Genetic profiling of mammalian inner ear:
Molecular mechanisms to stimulate sensory regeneration in the mammalian inner ear are commonly searched in studies based upon embryonic and post-natal developmental in animal models. This has revealed many genes that regulate the differentiation of sensory cells. A major challenge is to place these genes into the context of functional networks. This is to be able to describe developmental processes in more details and increase the chances of identifying useful therapeutic targets.
We used high throughput gene expression assays, specifically microarray assays, to identify gene networks related to transcription factors, gata3 and gata2 during development in the mammalian inner ear, as well has to identify networks for sensory neural development in Igf-1 null mice, in collaboration with Prof Varela-Nieto laboratory. The prediction made with probabilistic models for data collected in these studies, were supported but extensive validation in vivo and in vitro and opened the way to detailed questions that remain still work in progress.
Figure 4, 5 and 6 in Milo et al., PLoS ONE 4(9): e7144. doi:10.1371/journal.pone.0007144
Gene expression profiling in Acute Coronary Syndrome:
Acute coronary syndrome (ACS) is the cause of over 114 000 UK hospital and causes large associated costs to the National Health system. Advances in microarray technology allow a detailed understanding of genome-wide expression profiles of pathological processes. We hypothesised that analysis of ACS, at the time of an acute event and throughout recovery up to 90 days post event, would provide insight into pathology, as well as identify genes as potential drug targets and both diagnostic and prognostic markers. Using Microarray technology and screening of miRNA from whole blood samples, we aimed to identify specific biological pathways showing the late effects of acute events that can be used to discover biomarkers of coronary heart disease.
This study in still in its infancy and has identified a set of differentially expressed genes that are associated to relevant pathways, like Rho GTPase cytoskeletal, endothelin signalling, integrin signalling, G-protein signalling and inflammation-mediated pathways. We used principal component analysis with propagated uncertainty (pumaPCA) to visualise and interpret the data. With clinical information incorporated, it was found that the data discriminated between patients, putting them into troponin-positive and troponin-negative groups across all time points.

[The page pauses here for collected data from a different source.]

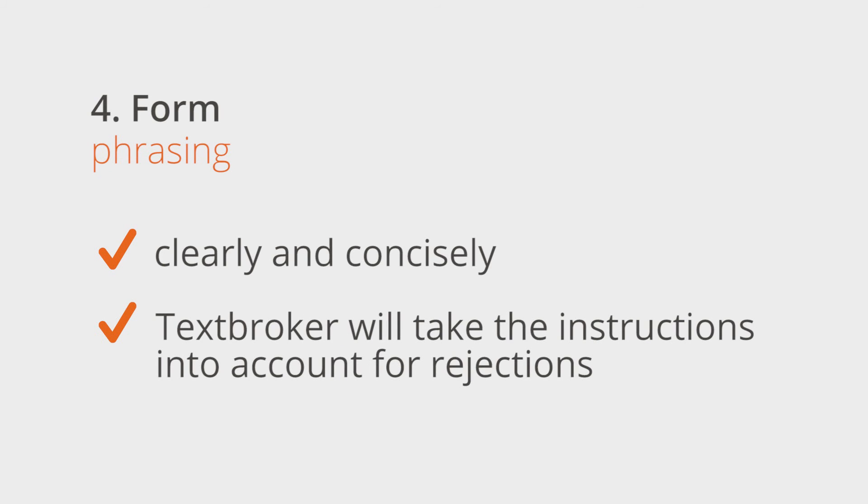Textbroker will also take the instructions into account when dealing with rejections. The better and more precise the instructions are, the better the text will be.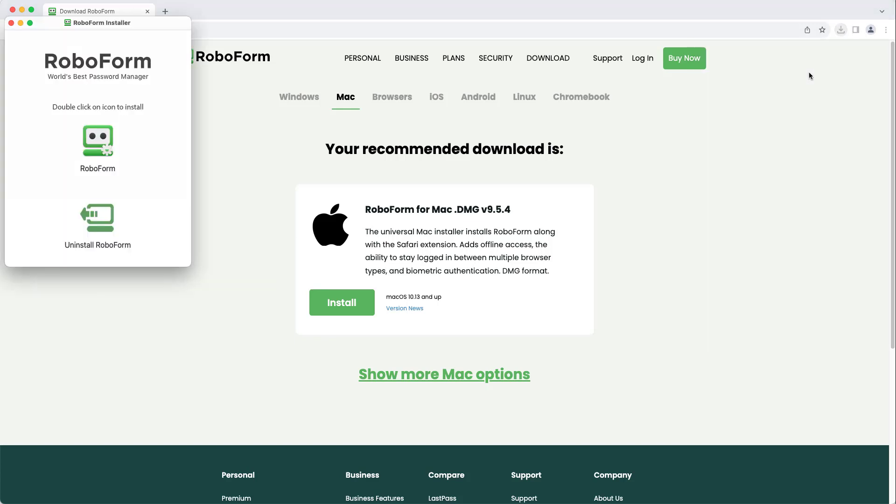A window will display, prompting you to double-click the RoboForm icon in order to install the application. Double-click the RoboForm icon.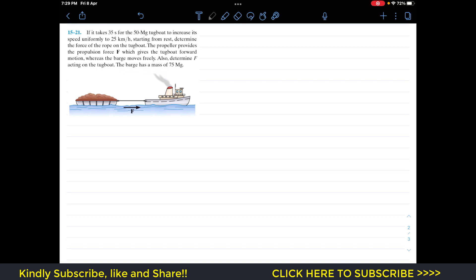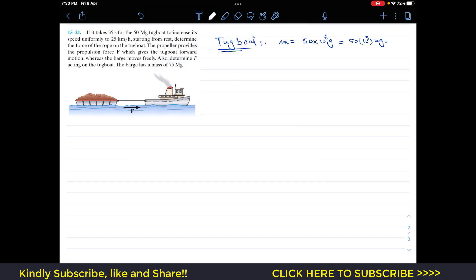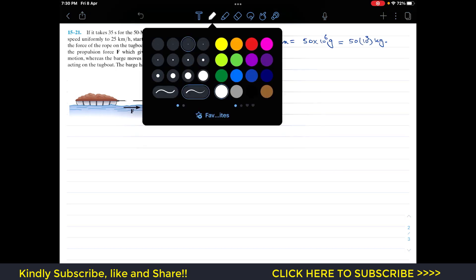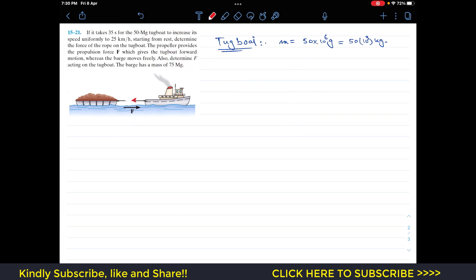First, we consider the tugboat only. The mass of the tugboat is 50 megagram, which is 50 × 10³ kg. Drawing the free body diagram, we have tension T acting to the left (toward the barge) and propulsion force F acting in the forward positive direction. We will apply the principle of impulse and momentum in the horizontal direction, taking forward as positive.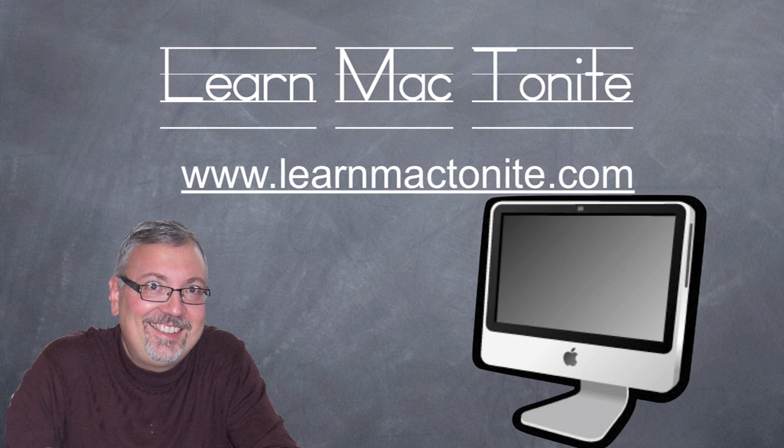So I hope you enjoyed today's episode of Learn Mac Tonight. Hope you learned a little bit about how to erase that hard drive and tune in again for another episode soon.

Appropriate filtering of the data and use of probabilistic model to combine replicates and define Differential expression (pumaComb and PPLR) defined a set of relevant genes. Hierarchical clustering, comparing the expression profiles between groups, identified different clusters of genes that increased in expression over time in the troponin-positive group.
50 patients presenting with chest pain consistent with ACS were recruited within 48 h of admission. 3 ml of peripheral whole blood was collected using Tempus RNA tubes at days 1, 3, 7, 30 and 90. Total RNA was extracted, cleared of globin mRNA and arrayed using Affymetrix HG_U133 plusv.2 GeneChips. Data were analysed using open source software PUMA.